Stalwart bastion of the Obamedia protection service, Salon Magazine, has an article by former Clinton labor secretary and Obacolyte, Robert Reich, in which he pitifully attempts to pooh-pooh rightwing claims that the Obamessiah himself is responsible for our economic woes by trying to lay them at the feet of the finger-pointers:
When it turns out that people like Lloyd Blankfein, the CEO of Goldman Sachs, who took home $68 million in 1997, was the only Wall Streeter in a meeting last September at the New York Federal Reserve to discuss the initial AIG bailout with Tim Geithner, then New York Fed chair, among others, at the very time Goldman was AIG’s largest trading partner, a distinct scent of self-dealing begins to emanate. When it turns out that Citigroup got a bailout deal last October far more generous than that given to any other distressed bank, when a top Citi executive was advising the Treasury and Fed, the scent increases. Goldman’s past CEO was treasury secretary at that time, by the way, and another former Goldman CEO was a top Citi official and also a former treasury secretary. I am not suggesting anything so crude as corruption. But could it be, given these tangled webs, that — innocently, unintentionally, perhaps even subconsciously — the entire bailout effort was premised on saving these companies rather than protecting the public? Or that the distinction between the two was lost, and still is?

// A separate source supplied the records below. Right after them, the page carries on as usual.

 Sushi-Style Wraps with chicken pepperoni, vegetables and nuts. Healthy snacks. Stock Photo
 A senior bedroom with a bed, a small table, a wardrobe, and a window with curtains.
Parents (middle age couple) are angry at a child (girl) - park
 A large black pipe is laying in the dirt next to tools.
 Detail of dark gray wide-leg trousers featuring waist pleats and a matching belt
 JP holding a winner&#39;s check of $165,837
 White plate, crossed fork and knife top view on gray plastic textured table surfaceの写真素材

Yet, Reich gleefully and disingenuously, ignores the fact that the people he’s defending his ObaMaster against are the people who funded his campaign. Not only that, the central figure in Reich’s little morality play, Turbo Tax Timmy Geithner, tax cheat, (TTTG,tc) has a family history of sorts with Barry Sutoro, and is currently employed as the Blameless One’s lapdog and whipping boy. To point out that he may have colluded with the banksters against the public in ripping off the country on the other team’s watch is…well…stupid.
Why would anyone purporting to defend the Obama administration draw attention to the man quickly becoming the public face of its incompetence? Especially when the author can’t even make it through to the end of his own piece without acknowledging at least some of the complicity of the Obama Drama Troupe?

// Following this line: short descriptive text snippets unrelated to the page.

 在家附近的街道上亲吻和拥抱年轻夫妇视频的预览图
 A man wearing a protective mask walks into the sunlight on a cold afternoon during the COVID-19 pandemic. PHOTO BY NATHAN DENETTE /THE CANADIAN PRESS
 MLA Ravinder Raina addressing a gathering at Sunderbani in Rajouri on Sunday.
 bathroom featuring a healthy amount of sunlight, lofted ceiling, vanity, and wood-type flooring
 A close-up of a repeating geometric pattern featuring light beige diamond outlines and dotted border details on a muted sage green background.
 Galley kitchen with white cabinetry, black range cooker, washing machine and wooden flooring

The Wall Street and Republican media attack machine doesn’t know exactly what to make of this. The Wall Street Journal’s editorial page, along with CNBC, alternates between attacking Obama for bailing out Wall Street and excusing Wall Street’s excesses. But then again, Obama doesn’t seem to know exactly what to make of it either. He seems to vacillate as well — one moment scorning Wall Street, the next moment justifying further bailouts. I do hope he takes a firmer hand, drawing a clearer distinction and making a clearer connection between clearing up these financial balance sheets and helping average people. Otherwise, the next populist uprising will be born in this moneyed quagmire. It is here — within the muck that was created by AIG, Citigroup, Fannie and Freddie, other giant financial institutions, now in combination with the U.S. Treasury and Fed — that the public is most confused, bears its most serious scars, and is potentially most burdened in future years, by decisions still made in secret.